New cars are now “computers on wheels,” Markey said, and hacked vehicles can be dangerous.
“A small vulnerability or error in coding can lead to a catastrophic consequence for drivers, passengers and pedestrians,” he said. “Thieves no longer need a crowbar to break into your car—they just need a smartphone.”
Markey’s legislation will require that makers of wireless access points on connected cars use penetration testing technologies and that collected data is encrypted. The legislation will also require that the car manufacturer or a security vendor be able to detect and respond to hacking attempts in real time.
The bill will also require car makers to explain their data collection practices to drivers and allow them to opt out of data collection without having to disable navigation.
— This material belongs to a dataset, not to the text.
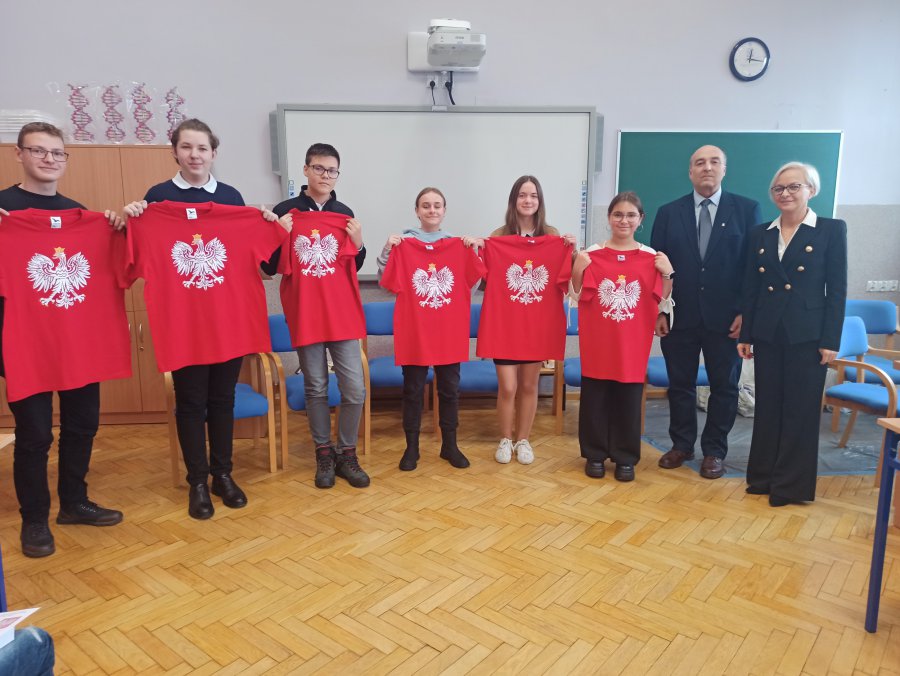 45 uczniów ze szkół powiatu chrzanowskiego rywalizowało w konkursie historycznym w I LO w Chrzanowie (ZDJĘCIA)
Car companies that can build software to track vehicle performance and other information “should have the same geniuses in those companies to build in protection for security and privacy,” Markey said. “If you can figure out an algorithm that sends information around the world in the blink of an eye, you should be able to figure out an algorithm that provides consumers the security and privacy they need.”
Representatives of auto makers didn’t testify during the hearing. The Alliance of Automobile Manufacturers, a trade group, said it has not yet fully reviewed Markey’s report, but its members take several steps to protect security and to tell customers about the data they collect.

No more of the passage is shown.